Closed Morwenn closed 7 years ago
The merging scheme used by NeatSort and described in NeatSort - A practical adaptive algorithm by Marcello La Rocca and Domenico Cantone might be interesting: save the beginning of each run, then merge them two by two, preferring to runs two smaller runs out of three when possible, with a stable ratio.
The ping-pong merge algorithm used by the improved patience sorting algorithm described in Patience is a Virtue: Revisiting Merge and Sort on Modern Processors by Badrish Chandramouli and Jonathan Goldstein could also be an interesting candidate: sort the runs by size then merge them pairwise in a first array, then in a second one, then back in the first, etc...
I replaced the « merge-as-you-go » merging strategy by a simple k-way merge algorithm in random-access vergesort: now the vergesort remembers the runs, then merges them pairwise at the very end of the algorithm until there is only one big run left. It improved the performance of the ascending sawtooth and descending sawtooth pattens by ~20% (only tested with integers though).

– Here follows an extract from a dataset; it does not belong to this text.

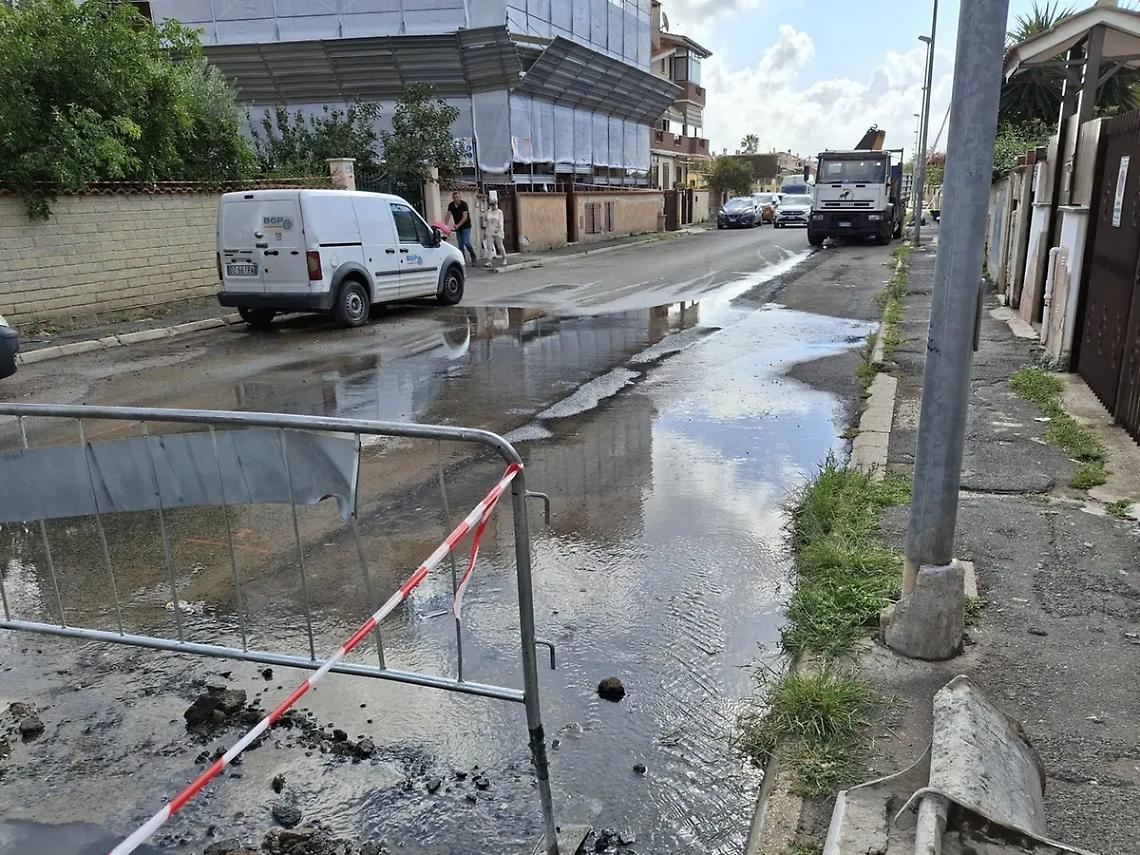 &laquo;Attenzione a non provocare danni&raquo;, ma gli operai spaccano i tubi dell&rsquo;acqua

I may try to implement the merge strategies described above at some point, but the current one is probably enough for most practical uses, so I'm closing this issue.

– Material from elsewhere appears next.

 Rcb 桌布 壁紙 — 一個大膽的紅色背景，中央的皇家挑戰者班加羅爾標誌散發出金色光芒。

To ensure that less memory is allocated during the merge operations, we could perform a binary search of the greatest element of the first partition into the second, then a binary search of the smallest element of the second partition into the first. This would yield two merging points defining smaller partitions to merge; and binary search should be the right tool since vergesort ensures that the partitions to merge are big enough.
To reduce the cost of binary search, the first binary would be performed in the smaller partition first, then in the greater partition, replacing its original bound by the newly found merging point. Seeing how the current inplace_merge
implementation works, this would surely reduce the amount of allocated memory in some scenarios.

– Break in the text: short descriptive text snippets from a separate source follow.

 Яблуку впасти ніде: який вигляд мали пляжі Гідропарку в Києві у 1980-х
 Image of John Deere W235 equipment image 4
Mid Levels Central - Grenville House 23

Right now, the merging scheme used by vergesort is pretty dumb: sorted subsequences are merged on the fly when they are found or generated. The only subtlety occurs when the algorithm has three successive subsequences to merge, in which case it merges the middle subsequence with the smallest of the two remaining subsequences first then merges the result with the remaining subsequence.
Instead, the algorithm could sort and reverse subsequences on the fly and only merge everything in the end. To do so, it could store iterators that denote the beginning of the different sorted subsequences in a list (at most log n iterators, so the additional memory footprint shouldn't be too high), then compute the length of the subsequences and merge them all, starting with the smaller ones. This merging algorithm sounds like a O(n²) algorithm; I hope the cost will be dwarfed by the actual cost of merging.